During the past year, Butterfield acquired the ABN Amro (Channel Islands) banking business.
“With a relatively small market share in the Channel Islands, we are now pursuing growth to complement and balance our profitable and well-established banking franchises in Bermuda and Cayman,” Michael Collins, Butterfield’s chairman and chief executive officer, said.
“With the acquisition, we now have a larger and more diversified balance sheet supported by investment grade credit ratings from S&P, Moody’s and KBRA.”
He said the US dollar interest rate environment had been challenging in the latter half of 2019, and the bank had achieved “strong and stable” core net income.
During the quarter, the bank completed its 2.5 million common share repurchase programme, and authorised a new programme for the repurchasing of up to 3.5 million shares.
Mr Collins said: “Continued share repurchases helped achieve a core net income per diluted share improvement of 5 per cent and core return on average tangible common equity remained at industry-leading levels.
“Throughout the year, we continued to emphasise cost management initiatives and furthered our plans to leverage Group service centres, which helped us achieve a core efficiency ratio1 of 62.2 per cent in 2019.”
Mr Collins also congratulated the bank’s team in Cayman for opening the Camana Bay Banking Centre, in Grand Cayman, this week.
“Camana Bay is a fantastic location and a great start to the roll out of our updated Butterfield brand.
“We are confident that this investment will solidify and grow our retail and midmarket corporate banking market share in the Cayman Islands for years to come. Our investment in this new branch signals our confidence in Cayman and the desire to further enhance our offerings in this important market.”

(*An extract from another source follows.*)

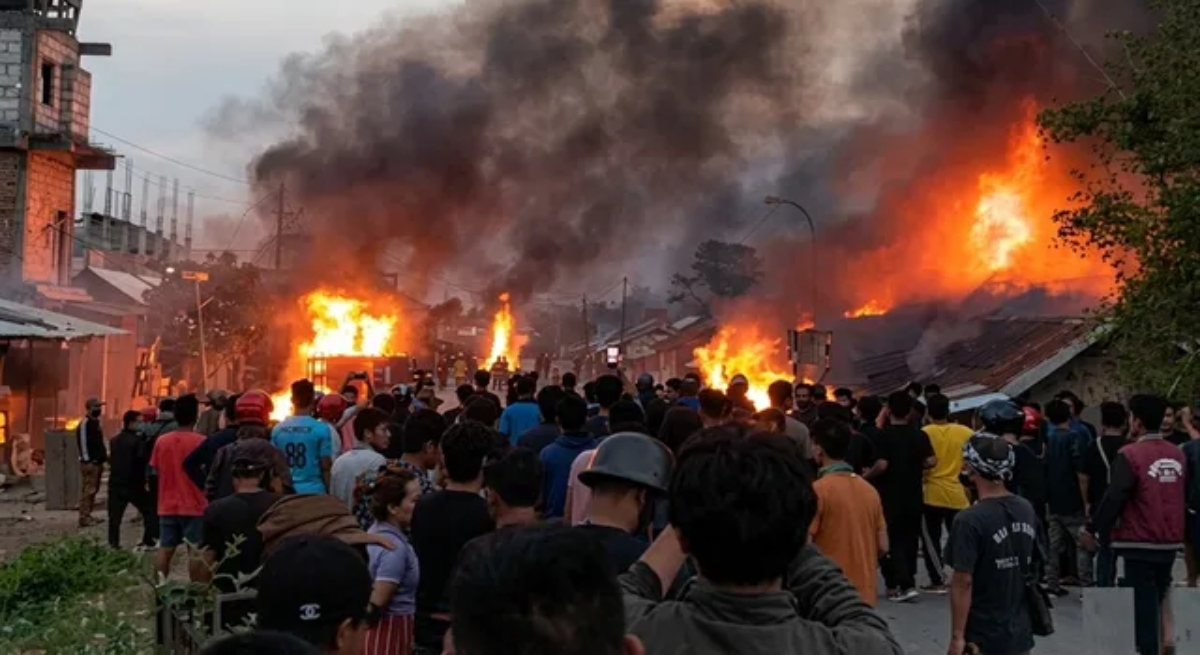 Manipur Violence, Manipur News, Kamjong Violence, Naga Kuki Clash, Naga Kuki Conflict, Manipur Ethnic Violence, India Myanmar Border, Kamjong District, Houses Set on Fire, Manipur Security Forces, Northeast India News, Ethnic Clashes, Manipur Latest News, Naga Community, Kuki Community, Armed Clash, Manipur Tension, Imphal News, India News, Breaking News India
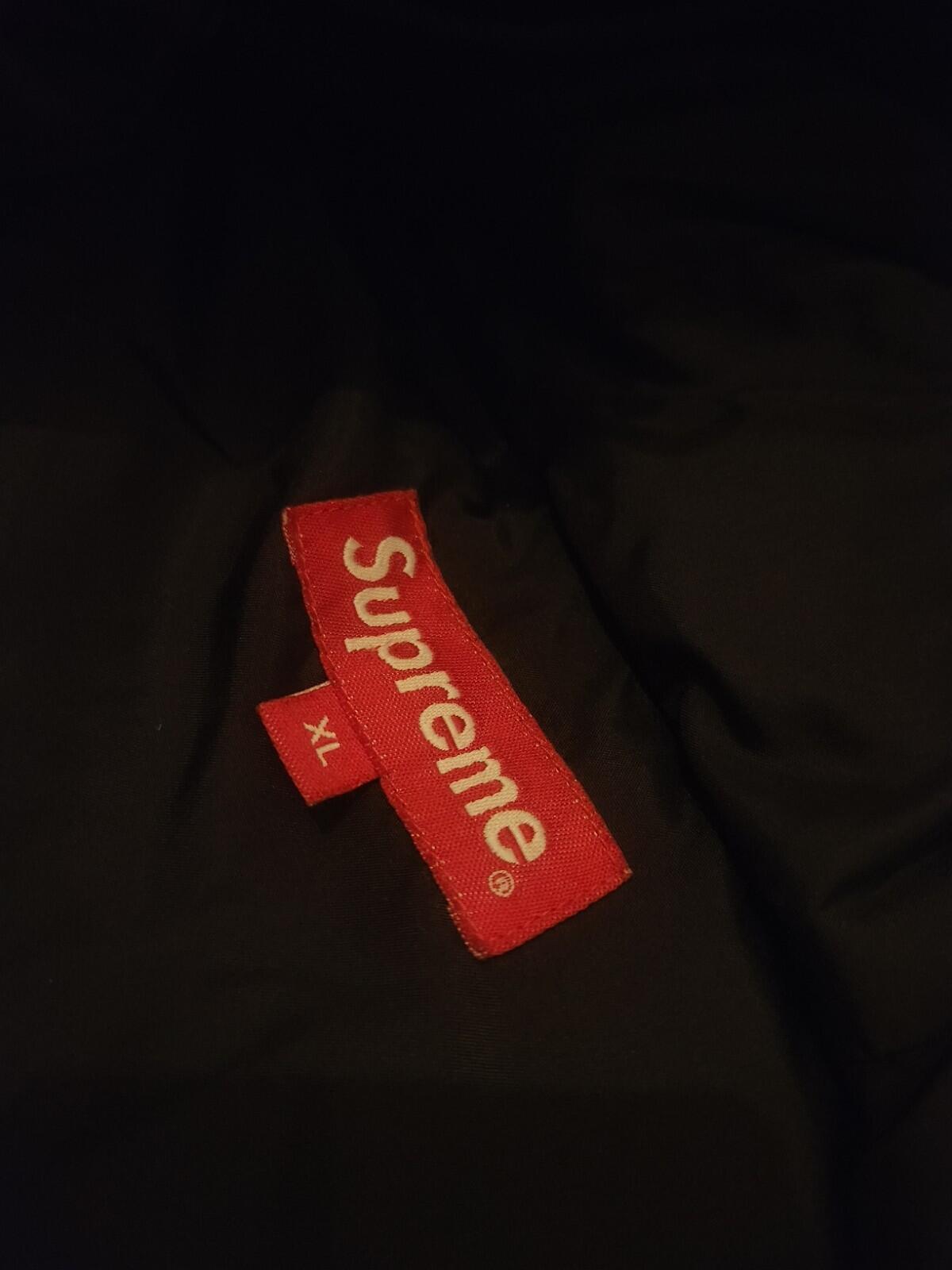 FW14 Supreme Iridescent puffy vest XL Black Gilet 2014 Vintage Puffer Duck Goose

Fourth quarter highlights included a return on average common equity of 18 per cent, and a net interest margin of 2.59 per cent.
Non-interest income for the quarter was $49.7 million, up from $45.7 million a year ago, however non-interest expenses were higher at $93.9 million from $83.5 million in the same period during 2018.
The non-performing loans ratio for the year was 1 per cent, down from 1.2 per cent in 2018.
Looking ahead, Mr Collins said: “As we enter 2020, Butterfield’s strong balance sheet, capital efficient fee businesses, thoughtful capital management, and selective acquisition strategy should continue to provide long-term value for our shareholders.
“Finally, I would also like to thank our existing and new customers for their business and partnership with Butterfield during 2019 and to all Butterfield Group employees for their commitment to excellent customer service.”
The bank has declared a 44 cents quarterly dividend to be paid on March 11.
Before the release of the earnings statement, the bank’s shares closed at $34.51, up 0.58 per cent, on the New York Stock Exchange, and unchanged at $34.25 on Bermuda Stock Exchange.